In the entries that follow, locate the line with "Image No.21-2 Bed Apartment for sale", then restate that line and all later lines exactly as they appear, leaving pictures out.
==============================
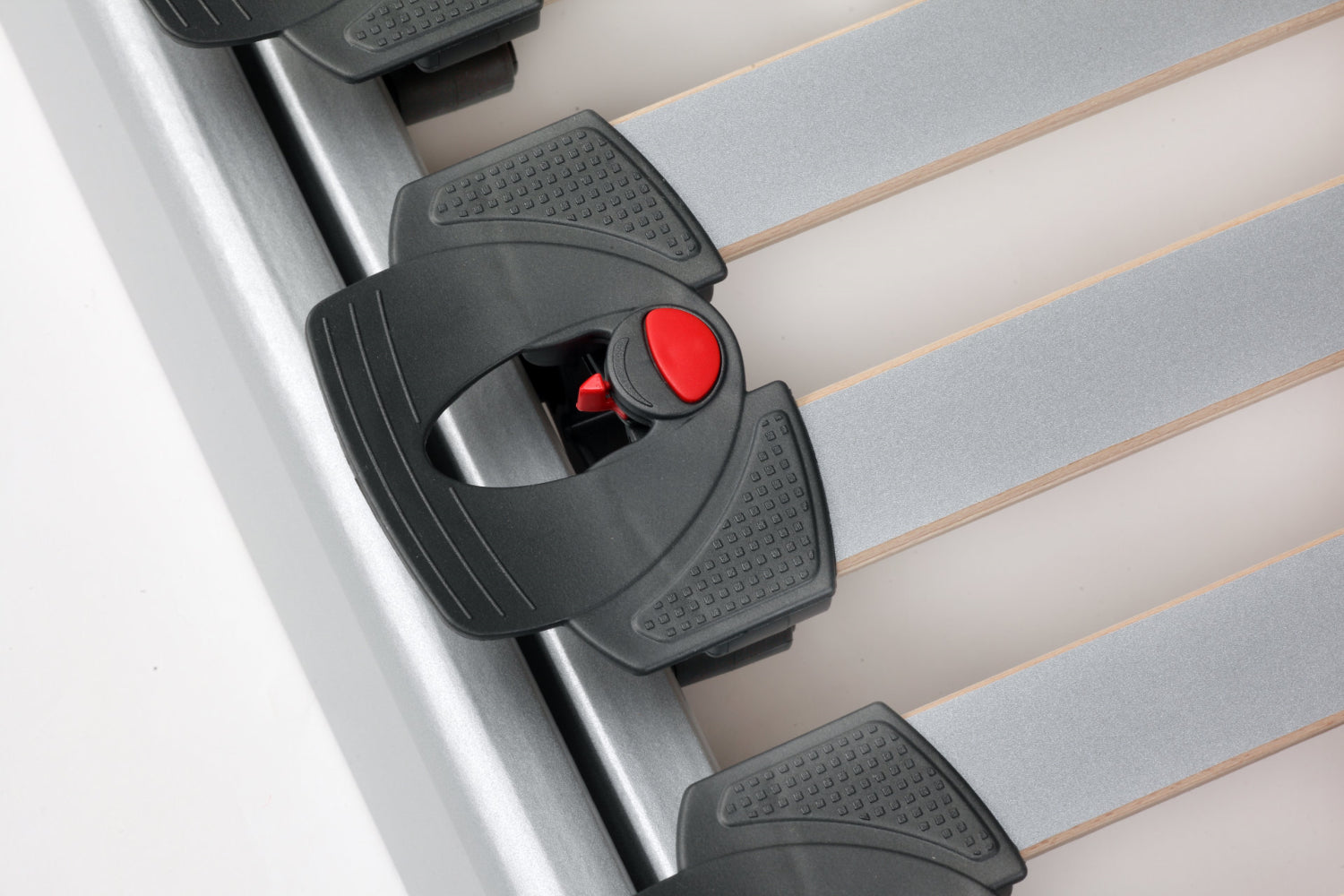 Lattenrost Modul+ Vario FFB Elektrisch mit Funkfernbedienung SWISSpur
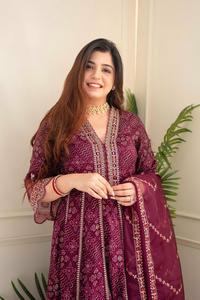 Meilleur tarif de qualité supérieure du fournisseur Red Merron Designer Gown Ready-Made Rayon Sequence Embroidery Work for Indian Pakistanais - Product Image 5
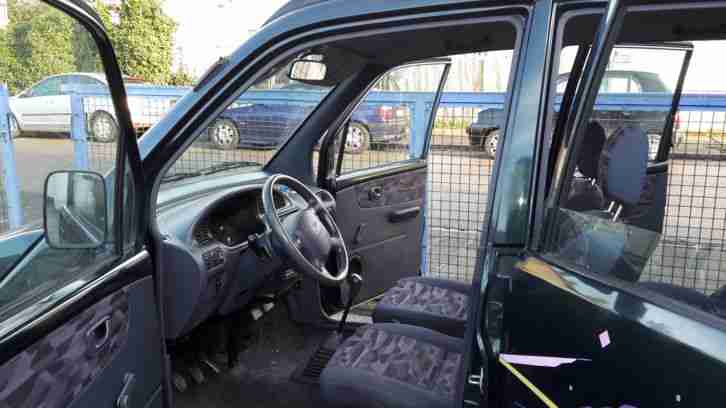 DAIHATSU MOVE Großraumlimousine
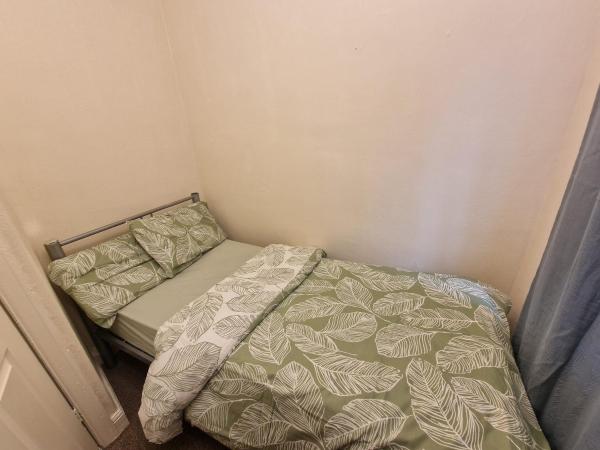 Loola's House : photo 1 de la chambre chambre simple - vue sur jardin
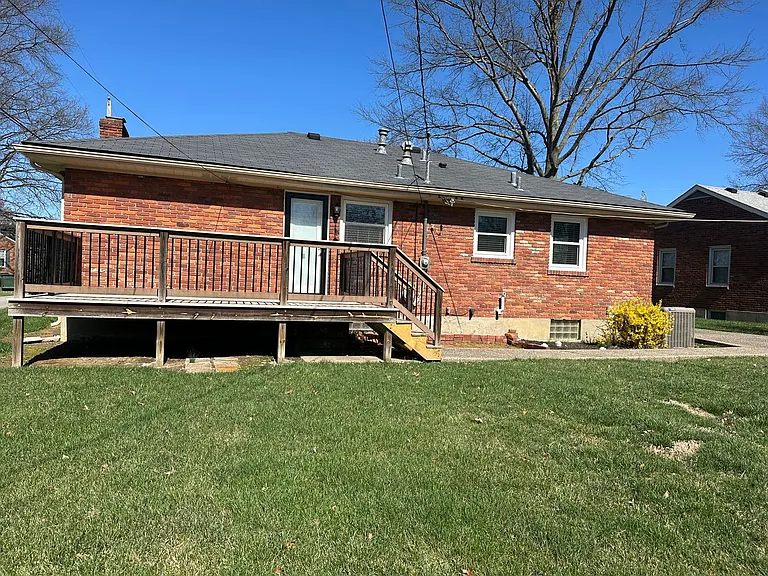 6892 Green Meadow Cir — Photo 19
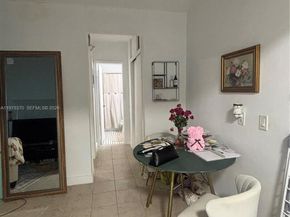 75 Washington Ave 12A, Miami Beach FL 33139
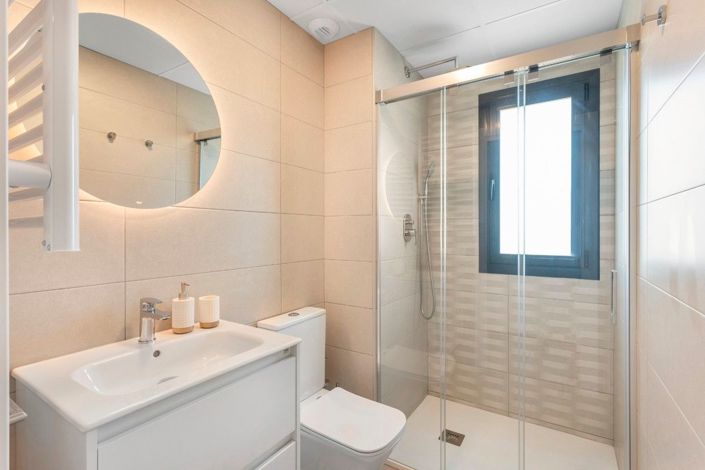 Image No.21-2 Bed Apartment for sale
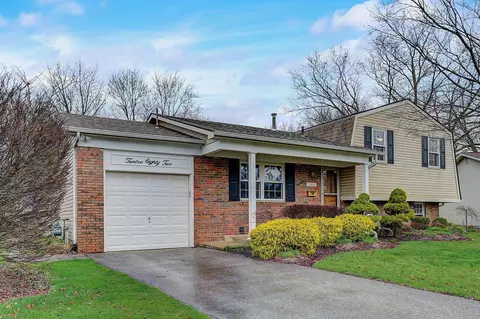 1282 Newbury Dr, Columbus, OH 43229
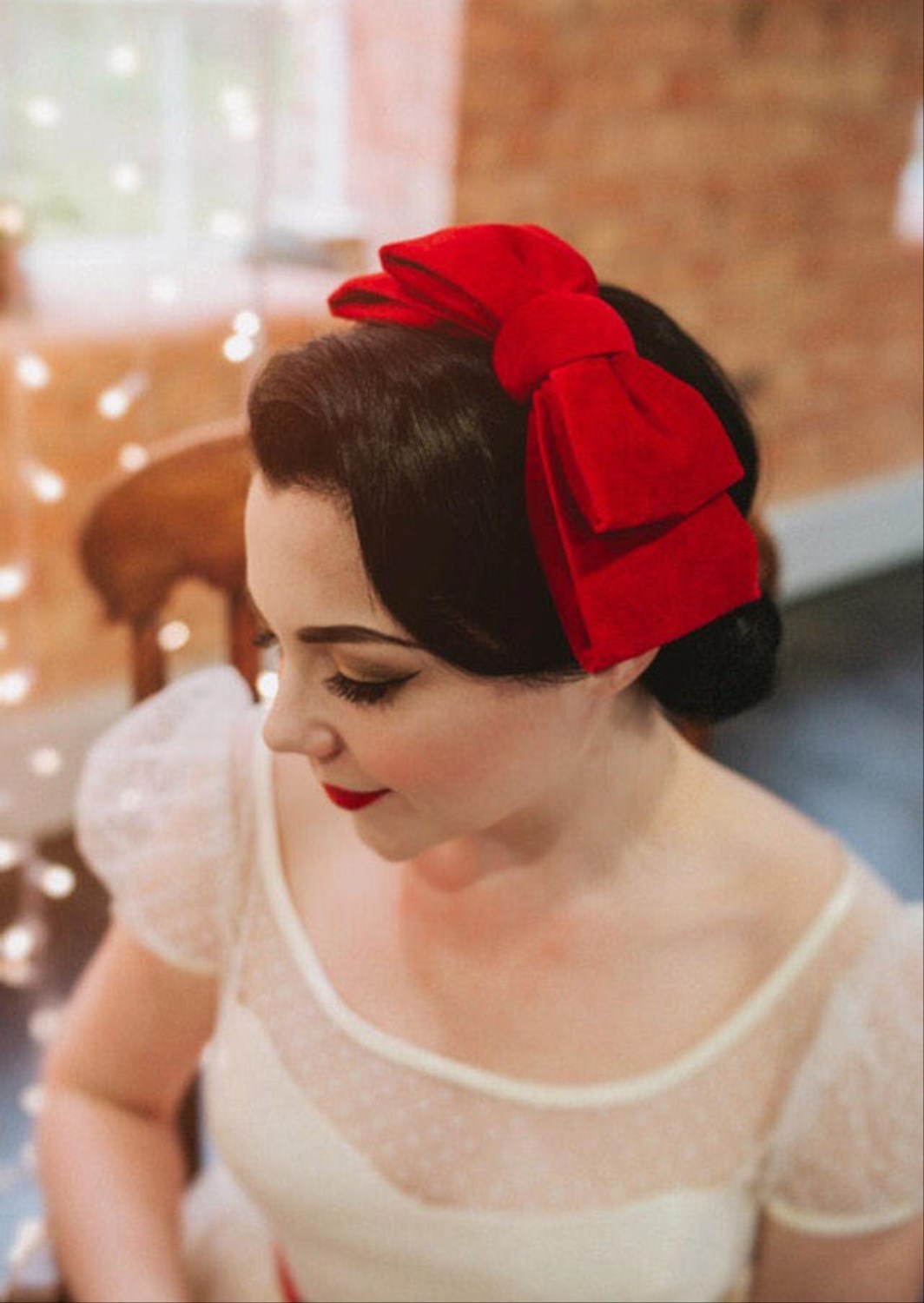 Black velvet hair bow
==============================
- _SOLUTION_
 Image No.21-2 Bed Apartment for sale
 1282 Newbury Dr, Columbus, OH 43229
 Black velvet hair bow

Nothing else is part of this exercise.